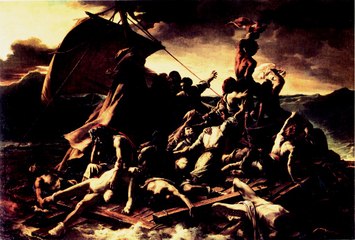 The Raft of the Medusa Full Movie #tinyurl.com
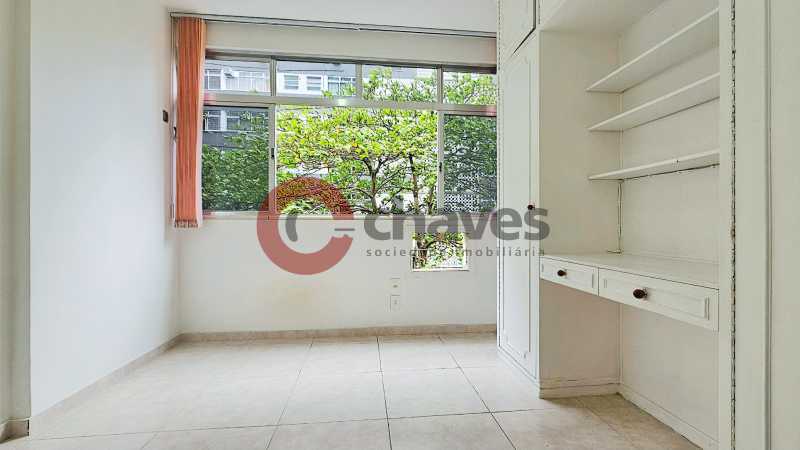 Conheça 20240916_123340~2 do imóvel - Apartamento 3 quartos à venda Leblon, Rio de Janeiro - R$ 1.650.000 - CIAP30174 - 8 20240916_123340~2 - 8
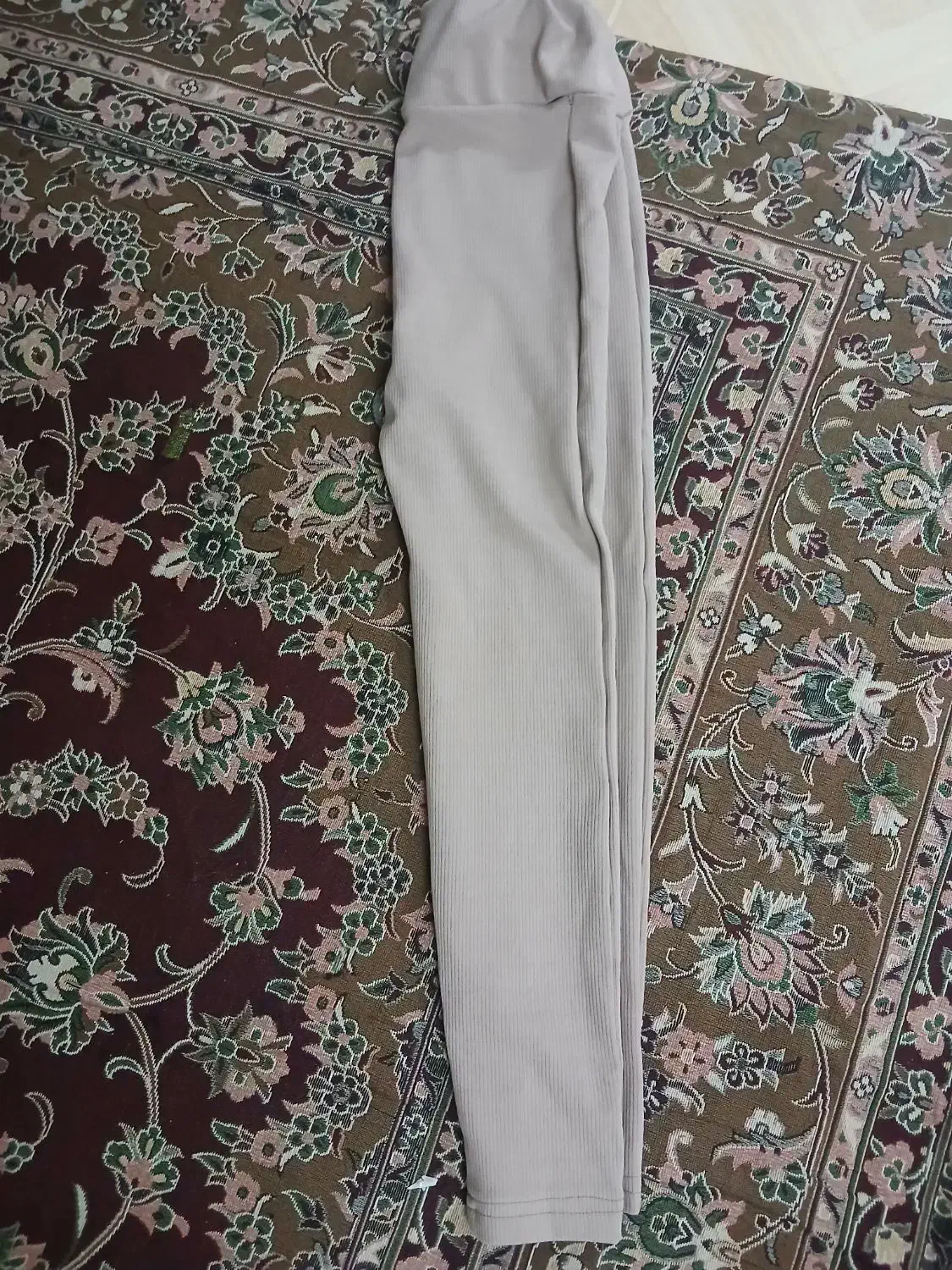 فروشنده برای لباس دسته دوم|کفش و لباس بچه|رشت, حمیدیان|دیوار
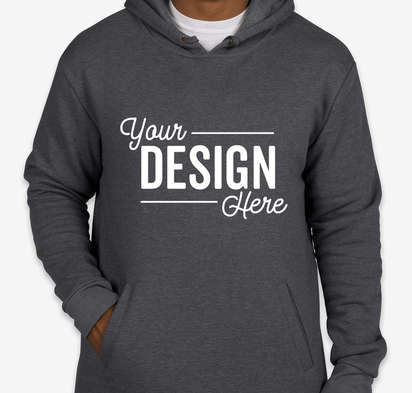 Custom print example 1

Work order: Copy out the whole listing exactly. Skip its pictures.

Solution:
 The Raft of the Medusa Full Movie #tinyurl.com
 Conheça 20240916_123340~2 do imóvel - Apartamento 3 quartos à venda Leblon, Rio de Janeiro - R$ 1.650.000 - CIAP30174 - 8 20240916_123340~2 - 8
 فروشنده برای لباس دسته دوم|کفش و لباس بچه|رشت, حمیدیان|دیوار
 Custom print example 1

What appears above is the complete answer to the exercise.